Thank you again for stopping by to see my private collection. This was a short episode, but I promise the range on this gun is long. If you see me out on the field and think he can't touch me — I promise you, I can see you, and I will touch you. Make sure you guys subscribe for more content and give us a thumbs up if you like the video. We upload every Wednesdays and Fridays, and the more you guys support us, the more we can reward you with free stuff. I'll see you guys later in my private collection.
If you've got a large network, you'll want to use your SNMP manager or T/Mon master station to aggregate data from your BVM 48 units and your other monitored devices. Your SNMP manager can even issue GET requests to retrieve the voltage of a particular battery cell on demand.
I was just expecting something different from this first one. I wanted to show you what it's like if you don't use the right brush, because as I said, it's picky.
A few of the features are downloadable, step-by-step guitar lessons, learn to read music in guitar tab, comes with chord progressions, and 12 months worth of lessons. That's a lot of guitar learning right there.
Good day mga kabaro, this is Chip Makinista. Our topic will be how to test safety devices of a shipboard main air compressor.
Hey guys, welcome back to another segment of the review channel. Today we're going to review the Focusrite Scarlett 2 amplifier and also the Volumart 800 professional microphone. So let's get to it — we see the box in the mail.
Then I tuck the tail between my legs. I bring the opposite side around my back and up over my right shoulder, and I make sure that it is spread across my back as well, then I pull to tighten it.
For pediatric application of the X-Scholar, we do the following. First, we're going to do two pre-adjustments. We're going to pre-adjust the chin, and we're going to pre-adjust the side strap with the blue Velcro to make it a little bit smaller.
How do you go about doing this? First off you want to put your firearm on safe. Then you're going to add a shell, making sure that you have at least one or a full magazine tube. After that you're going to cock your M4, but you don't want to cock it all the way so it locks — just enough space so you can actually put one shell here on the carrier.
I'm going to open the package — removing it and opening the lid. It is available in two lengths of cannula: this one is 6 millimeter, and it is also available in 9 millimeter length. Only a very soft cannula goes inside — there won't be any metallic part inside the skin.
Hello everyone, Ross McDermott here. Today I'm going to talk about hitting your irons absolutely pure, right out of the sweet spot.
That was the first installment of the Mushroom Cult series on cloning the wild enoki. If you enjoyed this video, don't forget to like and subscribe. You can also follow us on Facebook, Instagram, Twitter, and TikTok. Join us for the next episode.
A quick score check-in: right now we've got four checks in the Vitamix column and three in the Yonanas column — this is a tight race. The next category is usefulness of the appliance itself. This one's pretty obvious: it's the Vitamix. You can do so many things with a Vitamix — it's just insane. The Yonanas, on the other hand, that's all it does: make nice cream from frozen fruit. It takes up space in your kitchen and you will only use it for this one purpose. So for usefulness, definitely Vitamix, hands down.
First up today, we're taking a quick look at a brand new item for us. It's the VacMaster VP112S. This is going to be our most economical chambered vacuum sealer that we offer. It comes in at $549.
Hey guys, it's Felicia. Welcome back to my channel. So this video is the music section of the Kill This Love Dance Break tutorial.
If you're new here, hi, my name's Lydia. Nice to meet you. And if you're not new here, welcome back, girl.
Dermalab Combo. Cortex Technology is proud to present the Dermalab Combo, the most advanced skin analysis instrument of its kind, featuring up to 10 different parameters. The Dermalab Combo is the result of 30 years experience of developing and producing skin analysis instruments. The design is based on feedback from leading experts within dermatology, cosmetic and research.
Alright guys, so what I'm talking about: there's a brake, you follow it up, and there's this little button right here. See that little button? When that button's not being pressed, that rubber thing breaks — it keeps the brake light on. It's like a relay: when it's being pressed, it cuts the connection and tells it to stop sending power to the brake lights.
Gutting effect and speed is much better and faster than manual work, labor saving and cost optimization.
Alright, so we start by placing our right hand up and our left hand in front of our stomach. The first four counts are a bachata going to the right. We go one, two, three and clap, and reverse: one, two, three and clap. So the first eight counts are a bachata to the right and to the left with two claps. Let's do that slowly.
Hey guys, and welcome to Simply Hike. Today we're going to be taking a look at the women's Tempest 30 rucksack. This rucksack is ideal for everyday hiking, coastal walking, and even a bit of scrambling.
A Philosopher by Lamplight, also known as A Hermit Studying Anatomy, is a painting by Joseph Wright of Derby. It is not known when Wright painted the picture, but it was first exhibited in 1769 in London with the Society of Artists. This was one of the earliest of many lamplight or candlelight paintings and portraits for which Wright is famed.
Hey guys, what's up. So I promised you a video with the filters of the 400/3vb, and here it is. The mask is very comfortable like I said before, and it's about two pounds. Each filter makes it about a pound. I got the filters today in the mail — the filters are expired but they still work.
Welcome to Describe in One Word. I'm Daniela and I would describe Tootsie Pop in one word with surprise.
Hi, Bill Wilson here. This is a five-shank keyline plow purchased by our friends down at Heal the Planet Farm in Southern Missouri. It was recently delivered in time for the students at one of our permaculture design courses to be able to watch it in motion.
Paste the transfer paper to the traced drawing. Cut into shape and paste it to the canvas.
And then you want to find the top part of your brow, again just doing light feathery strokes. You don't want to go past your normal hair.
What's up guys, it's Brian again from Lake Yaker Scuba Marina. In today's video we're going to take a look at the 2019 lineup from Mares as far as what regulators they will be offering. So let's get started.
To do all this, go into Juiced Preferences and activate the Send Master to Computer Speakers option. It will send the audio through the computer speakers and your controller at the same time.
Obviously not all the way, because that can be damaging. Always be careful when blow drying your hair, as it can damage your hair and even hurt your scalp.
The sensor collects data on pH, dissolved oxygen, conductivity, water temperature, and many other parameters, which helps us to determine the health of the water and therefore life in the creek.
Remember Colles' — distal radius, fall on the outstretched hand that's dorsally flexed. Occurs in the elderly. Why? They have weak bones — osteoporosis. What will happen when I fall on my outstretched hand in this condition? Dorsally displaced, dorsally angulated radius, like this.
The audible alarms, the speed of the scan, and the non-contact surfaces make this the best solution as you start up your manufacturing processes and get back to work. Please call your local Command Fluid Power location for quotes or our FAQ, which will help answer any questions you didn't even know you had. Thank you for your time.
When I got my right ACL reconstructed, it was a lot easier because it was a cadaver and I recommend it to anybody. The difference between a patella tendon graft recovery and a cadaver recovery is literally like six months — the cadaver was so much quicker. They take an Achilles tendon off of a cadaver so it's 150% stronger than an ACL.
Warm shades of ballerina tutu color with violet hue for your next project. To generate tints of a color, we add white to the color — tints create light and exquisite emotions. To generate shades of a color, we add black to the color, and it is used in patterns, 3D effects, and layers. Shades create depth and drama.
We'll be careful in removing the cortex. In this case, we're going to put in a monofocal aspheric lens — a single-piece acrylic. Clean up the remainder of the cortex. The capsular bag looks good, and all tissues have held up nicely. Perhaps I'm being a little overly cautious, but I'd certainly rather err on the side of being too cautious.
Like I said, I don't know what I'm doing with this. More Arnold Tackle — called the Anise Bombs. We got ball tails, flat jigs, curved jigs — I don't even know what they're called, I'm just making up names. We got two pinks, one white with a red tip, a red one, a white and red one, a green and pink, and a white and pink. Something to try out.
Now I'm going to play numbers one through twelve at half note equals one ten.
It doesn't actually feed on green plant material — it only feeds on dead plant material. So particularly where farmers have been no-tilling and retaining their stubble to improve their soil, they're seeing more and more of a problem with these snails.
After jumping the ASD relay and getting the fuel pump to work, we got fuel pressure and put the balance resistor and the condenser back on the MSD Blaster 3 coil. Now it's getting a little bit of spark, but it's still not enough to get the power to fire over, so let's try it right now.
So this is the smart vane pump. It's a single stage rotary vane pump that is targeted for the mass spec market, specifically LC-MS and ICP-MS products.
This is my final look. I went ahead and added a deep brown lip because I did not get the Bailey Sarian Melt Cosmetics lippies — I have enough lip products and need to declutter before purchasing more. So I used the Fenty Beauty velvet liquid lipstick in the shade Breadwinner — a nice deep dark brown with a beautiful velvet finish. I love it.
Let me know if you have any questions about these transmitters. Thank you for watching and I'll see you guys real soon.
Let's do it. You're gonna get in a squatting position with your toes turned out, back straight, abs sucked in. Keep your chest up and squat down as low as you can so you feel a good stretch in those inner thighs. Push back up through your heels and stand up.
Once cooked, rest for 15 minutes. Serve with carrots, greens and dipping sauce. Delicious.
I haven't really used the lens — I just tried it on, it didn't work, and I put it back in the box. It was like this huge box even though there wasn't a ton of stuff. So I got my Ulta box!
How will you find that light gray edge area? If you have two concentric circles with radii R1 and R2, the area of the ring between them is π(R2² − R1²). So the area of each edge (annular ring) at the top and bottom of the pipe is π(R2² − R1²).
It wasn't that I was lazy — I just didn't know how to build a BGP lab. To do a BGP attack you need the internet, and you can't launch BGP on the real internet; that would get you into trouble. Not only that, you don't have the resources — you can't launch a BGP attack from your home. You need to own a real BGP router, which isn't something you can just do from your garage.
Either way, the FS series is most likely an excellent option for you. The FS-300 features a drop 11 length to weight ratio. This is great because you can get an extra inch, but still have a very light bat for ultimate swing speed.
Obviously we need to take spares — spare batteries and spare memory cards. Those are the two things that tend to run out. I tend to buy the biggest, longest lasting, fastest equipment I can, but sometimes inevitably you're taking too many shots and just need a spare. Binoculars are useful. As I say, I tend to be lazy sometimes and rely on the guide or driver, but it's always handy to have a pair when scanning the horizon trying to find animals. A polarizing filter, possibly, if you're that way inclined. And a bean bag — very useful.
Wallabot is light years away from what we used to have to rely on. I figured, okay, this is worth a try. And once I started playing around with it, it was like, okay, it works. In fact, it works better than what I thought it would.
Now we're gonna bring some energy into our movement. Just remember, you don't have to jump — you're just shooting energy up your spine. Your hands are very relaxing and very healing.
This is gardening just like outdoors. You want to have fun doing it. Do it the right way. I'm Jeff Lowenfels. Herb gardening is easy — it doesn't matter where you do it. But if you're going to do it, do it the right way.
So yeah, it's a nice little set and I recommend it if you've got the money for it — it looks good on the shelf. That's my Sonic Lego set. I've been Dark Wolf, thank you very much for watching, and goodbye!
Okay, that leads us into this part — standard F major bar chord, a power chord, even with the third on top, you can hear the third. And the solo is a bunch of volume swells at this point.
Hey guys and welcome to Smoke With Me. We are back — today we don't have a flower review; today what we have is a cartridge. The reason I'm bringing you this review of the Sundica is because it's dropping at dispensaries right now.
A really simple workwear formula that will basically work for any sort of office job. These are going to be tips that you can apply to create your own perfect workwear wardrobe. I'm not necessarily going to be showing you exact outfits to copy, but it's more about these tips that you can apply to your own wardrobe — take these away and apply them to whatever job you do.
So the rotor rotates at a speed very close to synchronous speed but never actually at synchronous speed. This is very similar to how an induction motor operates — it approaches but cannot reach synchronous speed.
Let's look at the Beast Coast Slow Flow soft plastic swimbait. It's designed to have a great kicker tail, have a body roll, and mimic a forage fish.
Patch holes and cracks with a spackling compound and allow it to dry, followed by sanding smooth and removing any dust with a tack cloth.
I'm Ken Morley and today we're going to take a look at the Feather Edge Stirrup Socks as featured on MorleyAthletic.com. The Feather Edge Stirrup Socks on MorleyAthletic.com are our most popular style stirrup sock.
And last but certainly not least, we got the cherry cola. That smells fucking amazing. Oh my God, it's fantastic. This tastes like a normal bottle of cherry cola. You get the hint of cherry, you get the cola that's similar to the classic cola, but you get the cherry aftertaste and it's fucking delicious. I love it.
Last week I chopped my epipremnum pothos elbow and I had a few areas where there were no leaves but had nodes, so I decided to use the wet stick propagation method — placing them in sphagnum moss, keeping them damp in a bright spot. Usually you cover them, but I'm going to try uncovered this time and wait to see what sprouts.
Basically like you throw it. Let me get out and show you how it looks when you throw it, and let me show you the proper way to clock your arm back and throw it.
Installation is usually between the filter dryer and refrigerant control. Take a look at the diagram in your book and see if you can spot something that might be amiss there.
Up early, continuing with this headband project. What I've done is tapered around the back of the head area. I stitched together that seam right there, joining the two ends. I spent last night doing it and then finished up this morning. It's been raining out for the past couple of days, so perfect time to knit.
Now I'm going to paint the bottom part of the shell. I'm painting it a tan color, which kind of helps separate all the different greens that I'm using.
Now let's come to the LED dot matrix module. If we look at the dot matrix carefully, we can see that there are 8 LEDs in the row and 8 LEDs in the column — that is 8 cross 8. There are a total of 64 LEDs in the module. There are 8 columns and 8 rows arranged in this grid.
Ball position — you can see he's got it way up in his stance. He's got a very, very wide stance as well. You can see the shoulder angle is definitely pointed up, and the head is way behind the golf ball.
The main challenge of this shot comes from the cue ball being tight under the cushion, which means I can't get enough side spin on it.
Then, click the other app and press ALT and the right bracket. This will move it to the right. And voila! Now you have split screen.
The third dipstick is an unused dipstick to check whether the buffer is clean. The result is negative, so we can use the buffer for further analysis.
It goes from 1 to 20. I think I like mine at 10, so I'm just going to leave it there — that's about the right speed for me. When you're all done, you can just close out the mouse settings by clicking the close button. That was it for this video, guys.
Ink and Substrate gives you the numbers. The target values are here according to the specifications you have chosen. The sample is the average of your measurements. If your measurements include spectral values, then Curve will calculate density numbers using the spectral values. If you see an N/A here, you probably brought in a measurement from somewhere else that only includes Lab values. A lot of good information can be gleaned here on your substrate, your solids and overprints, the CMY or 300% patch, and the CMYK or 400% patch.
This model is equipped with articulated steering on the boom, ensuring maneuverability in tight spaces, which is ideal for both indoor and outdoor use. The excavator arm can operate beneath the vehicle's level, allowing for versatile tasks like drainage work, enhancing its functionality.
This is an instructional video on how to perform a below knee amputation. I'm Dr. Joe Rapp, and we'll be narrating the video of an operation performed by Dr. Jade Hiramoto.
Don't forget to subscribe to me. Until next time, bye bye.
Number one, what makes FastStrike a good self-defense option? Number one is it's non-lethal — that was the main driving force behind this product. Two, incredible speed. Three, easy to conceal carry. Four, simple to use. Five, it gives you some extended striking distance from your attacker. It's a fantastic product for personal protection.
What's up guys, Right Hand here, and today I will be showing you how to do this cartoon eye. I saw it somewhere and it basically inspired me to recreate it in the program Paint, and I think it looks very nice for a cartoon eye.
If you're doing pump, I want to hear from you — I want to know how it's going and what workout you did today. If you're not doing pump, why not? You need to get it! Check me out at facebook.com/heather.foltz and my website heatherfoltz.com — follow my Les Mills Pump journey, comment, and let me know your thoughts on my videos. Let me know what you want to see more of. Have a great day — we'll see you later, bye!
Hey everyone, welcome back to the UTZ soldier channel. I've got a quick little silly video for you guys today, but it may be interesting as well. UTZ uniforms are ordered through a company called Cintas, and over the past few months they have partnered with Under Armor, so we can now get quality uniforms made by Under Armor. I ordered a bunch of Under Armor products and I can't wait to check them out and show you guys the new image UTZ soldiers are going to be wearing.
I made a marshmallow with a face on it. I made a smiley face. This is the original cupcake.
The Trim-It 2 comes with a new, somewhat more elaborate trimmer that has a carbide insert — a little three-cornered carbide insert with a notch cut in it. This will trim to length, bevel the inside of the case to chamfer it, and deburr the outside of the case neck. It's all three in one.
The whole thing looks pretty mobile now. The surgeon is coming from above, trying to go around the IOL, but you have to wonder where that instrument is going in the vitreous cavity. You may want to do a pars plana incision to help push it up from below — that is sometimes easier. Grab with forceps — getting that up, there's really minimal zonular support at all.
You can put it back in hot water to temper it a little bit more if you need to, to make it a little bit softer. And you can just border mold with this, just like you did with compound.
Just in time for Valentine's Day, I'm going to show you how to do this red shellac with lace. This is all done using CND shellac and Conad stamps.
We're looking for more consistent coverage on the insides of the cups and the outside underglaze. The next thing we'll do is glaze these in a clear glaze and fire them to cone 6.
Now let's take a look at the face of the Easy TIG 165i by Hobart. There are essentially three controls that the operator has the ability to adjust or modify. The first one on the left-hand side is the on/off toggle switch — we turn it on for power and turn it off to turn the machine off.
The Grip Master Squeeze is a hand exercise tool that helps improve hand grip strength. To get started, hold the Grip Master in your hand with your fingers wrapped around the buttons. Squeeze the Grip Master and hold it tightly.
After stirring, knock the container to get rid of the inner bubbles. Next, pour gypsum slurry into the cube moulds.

→ Work task: Repeat the entries above verbatim, but only from the line that has "Let me know if" down to the line that has "Let's do it.", inclusive.

→ Exercise solution:
Let me know if you have any questions about these transmitters. Thank you for watching and I'll see you guys real soon.
Let's do it. You're gonna get in a squatting position with your toes turned out, back straight, abs sucked in. Keep your chest up and squat down as low as you can so you feel a good stretch in those inner thighs. Push back up through your heels and stand up.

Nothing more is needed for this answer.